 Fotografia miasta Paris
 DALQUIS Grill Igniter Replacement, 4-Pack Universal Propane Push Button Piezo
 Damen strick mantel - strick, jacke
...
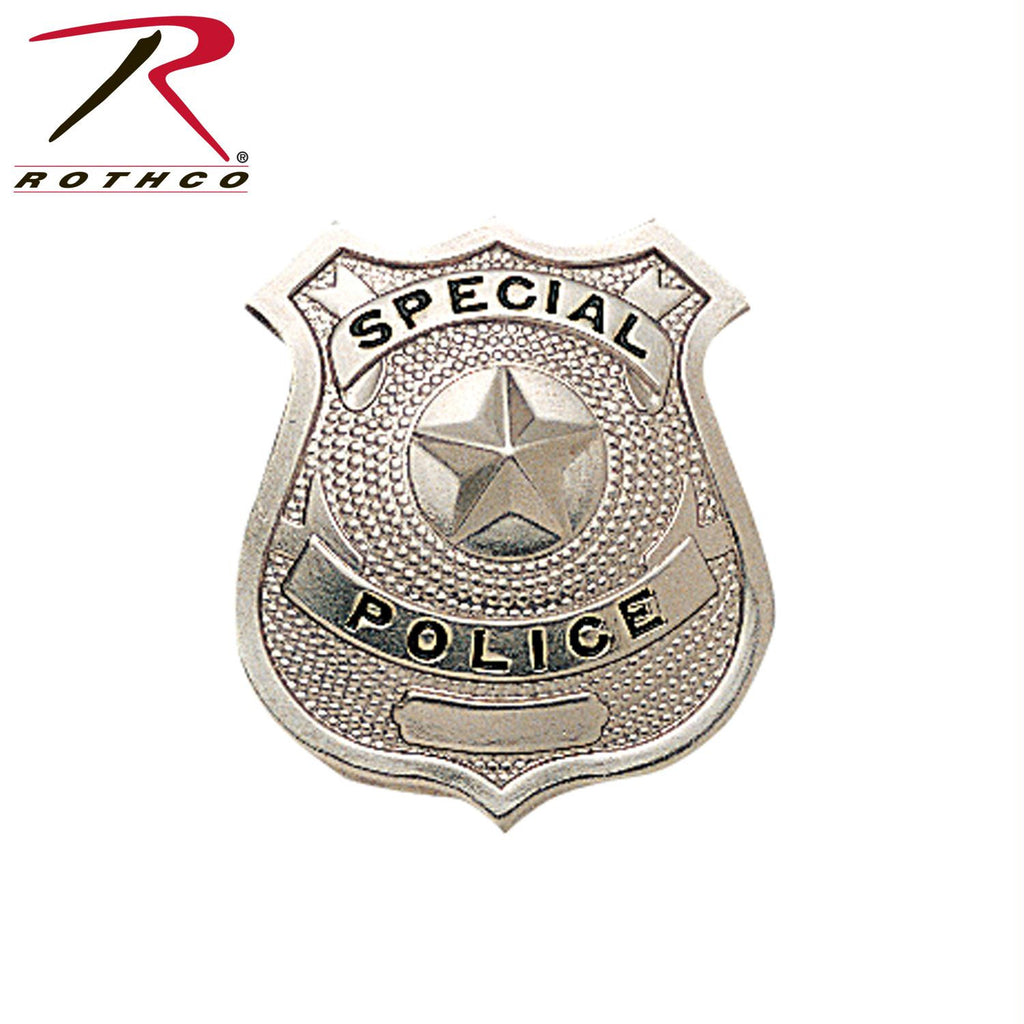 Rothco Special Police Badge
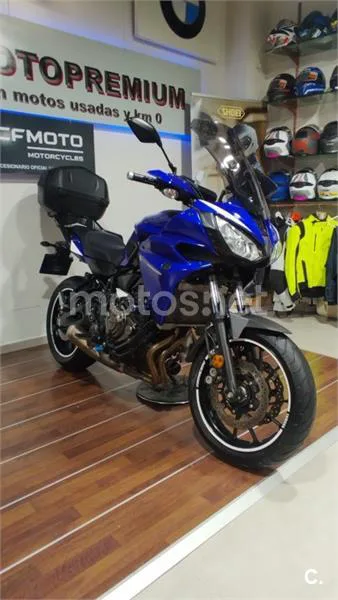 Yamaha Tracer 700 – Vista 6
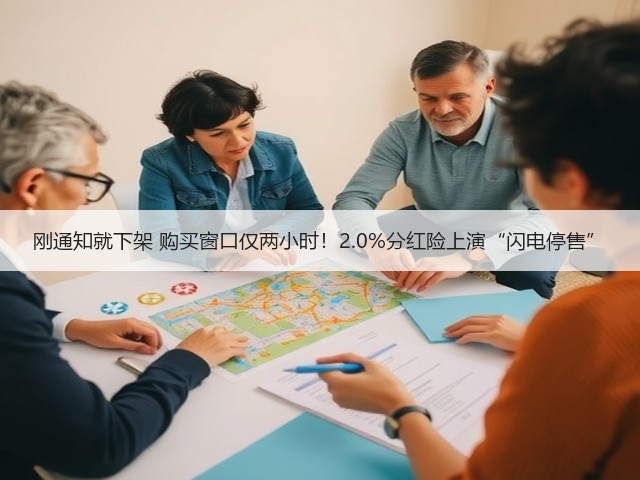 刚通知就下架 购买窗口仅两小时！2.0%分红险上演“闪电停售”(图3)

About this exercise: Beginning with the line containing "Fotografia miasta Paris" in the material above, copy every line exactly until you have copied the line containing "Damen strick mantel - strick, jacke".

Solution for this problem:
 Fotografia miasta Paris
 DALQUIS Grill Igniter Replacement, 4-Pack Universal Propane Push Button Piezo
 Damen strick mantel - strick, jacke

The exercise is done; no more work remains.